▶ _Work to be completed_
The reply must contain exactly the lines below from the one with "Cat and dog eat from the same bowl" down to the one with "Snowy mountain landscape", both included, and nothing more; please omit the pictures.

#### Data records ####

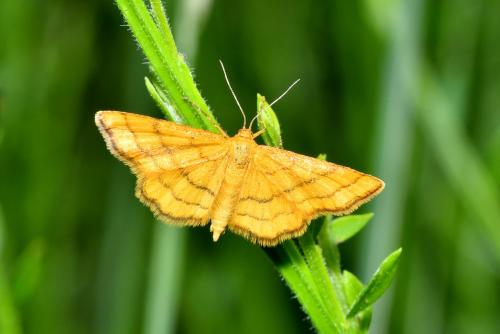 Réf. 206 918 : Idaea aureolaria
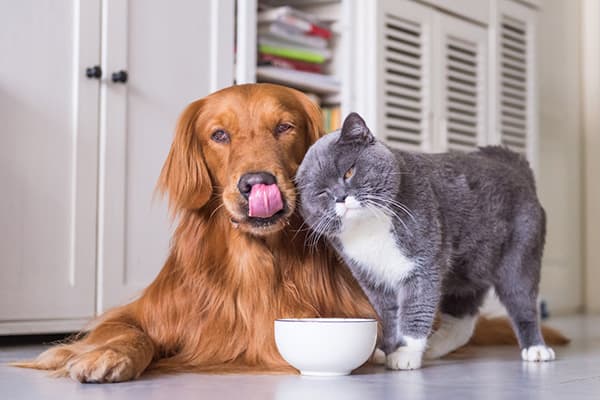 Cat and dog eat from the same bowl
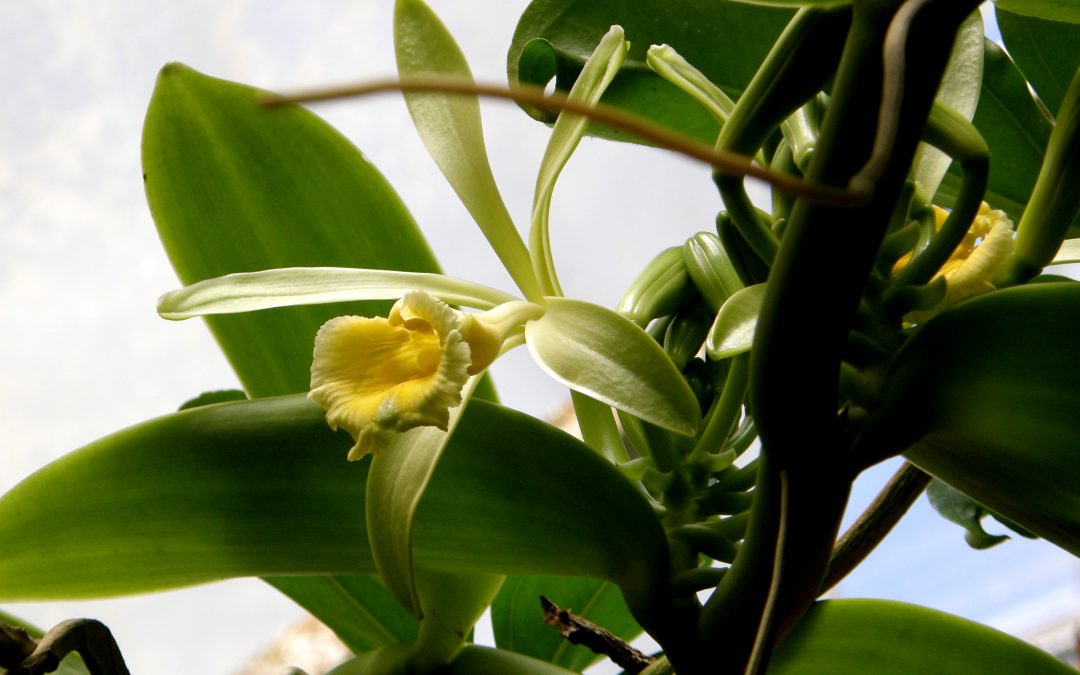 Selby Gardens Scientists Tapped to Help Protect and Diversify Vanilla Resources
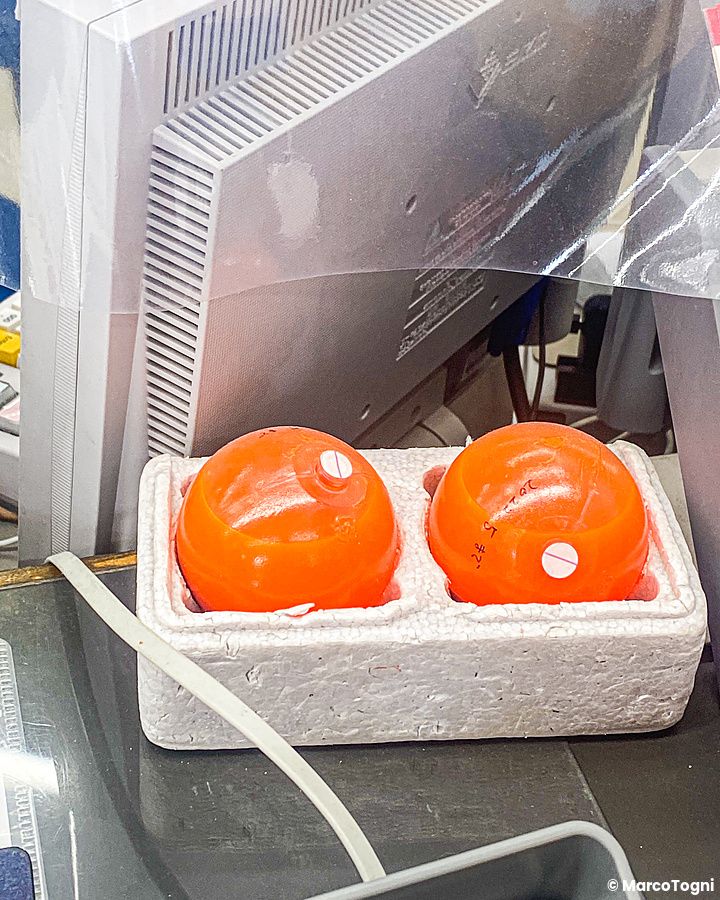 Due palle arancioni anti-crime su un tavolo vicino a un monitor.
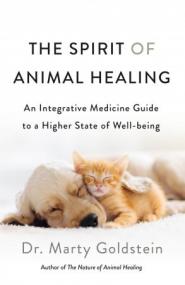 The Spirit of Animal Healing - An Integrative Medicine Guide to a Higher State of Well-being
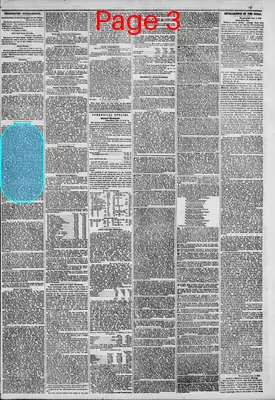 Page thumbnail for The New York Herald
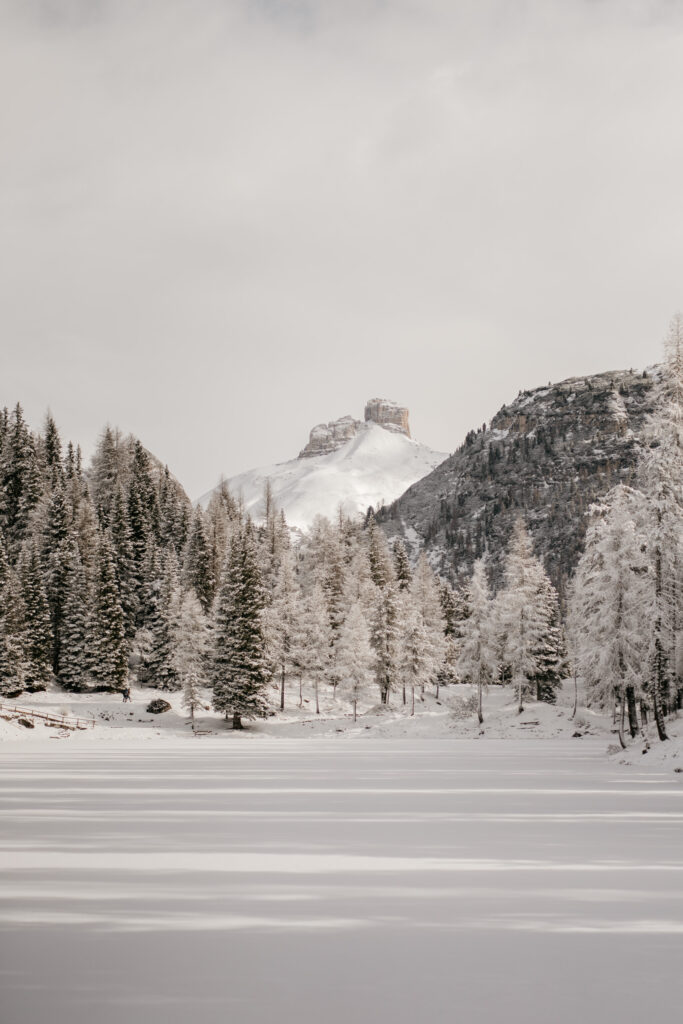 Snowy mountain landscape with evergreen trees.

####
#### Data records ####

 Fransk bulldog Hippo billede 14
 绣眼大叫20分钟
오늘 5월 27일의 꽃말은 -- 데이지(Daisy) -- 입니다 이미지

####
#### Data records ####

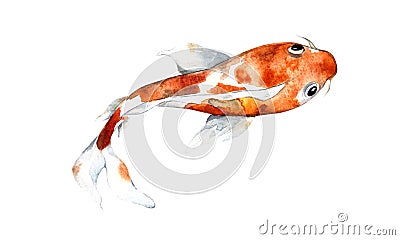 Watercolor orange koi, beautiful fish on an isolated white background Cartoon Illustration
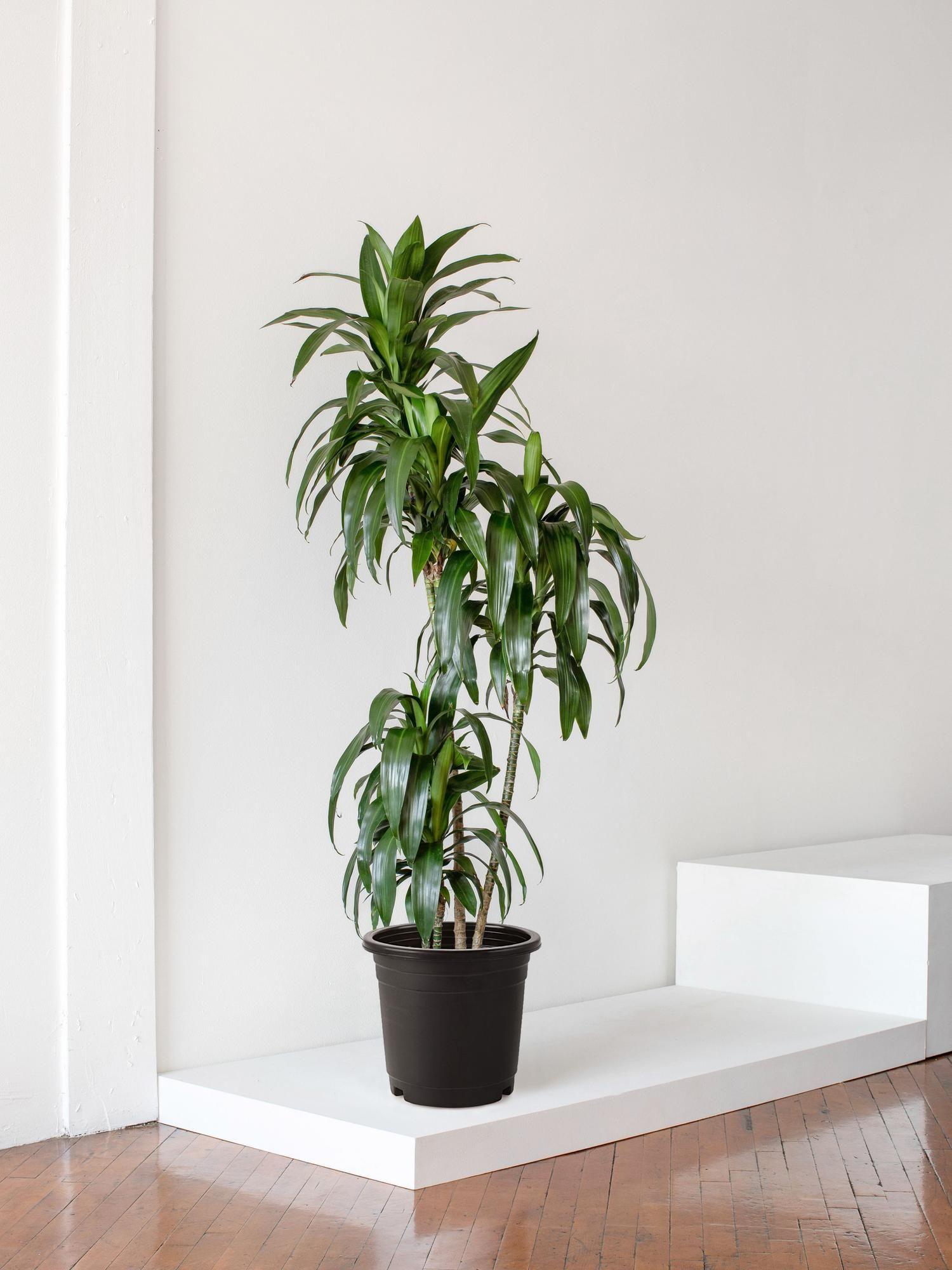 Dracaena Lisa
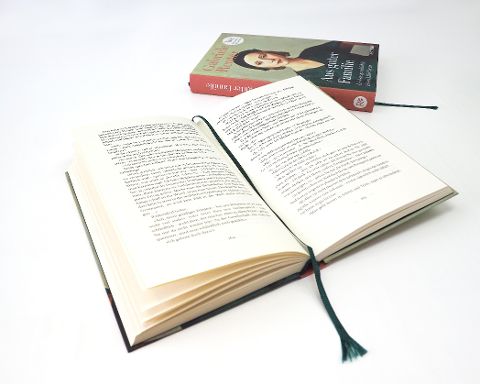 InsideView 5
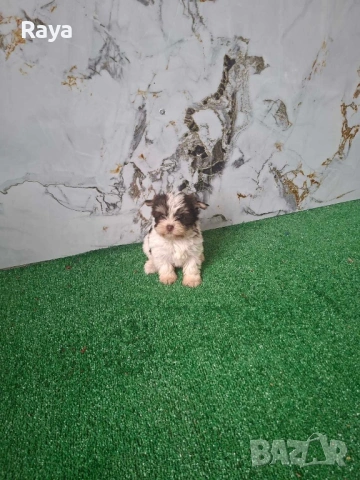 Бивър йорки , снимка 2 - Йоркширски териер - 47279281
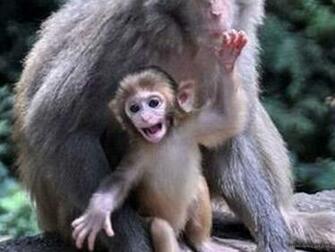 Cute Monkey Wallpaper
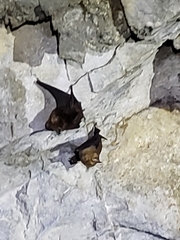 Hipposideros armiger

####

▶ _Result below_
 Cat and dog eat from the same bowl
 Selby Gardens Scientists Tapped to Help Protect and Diversify Vanilla Resources
 Due palle arancioni anti-crime su un tavolo vicino a un monitor.
 The Spirit of Animal Healing - An Integrative Medicine Guide to a Higher State of Well-being
 Page thumbnail for The New York Herald
 Snowy mountain landscape with evergreen trees.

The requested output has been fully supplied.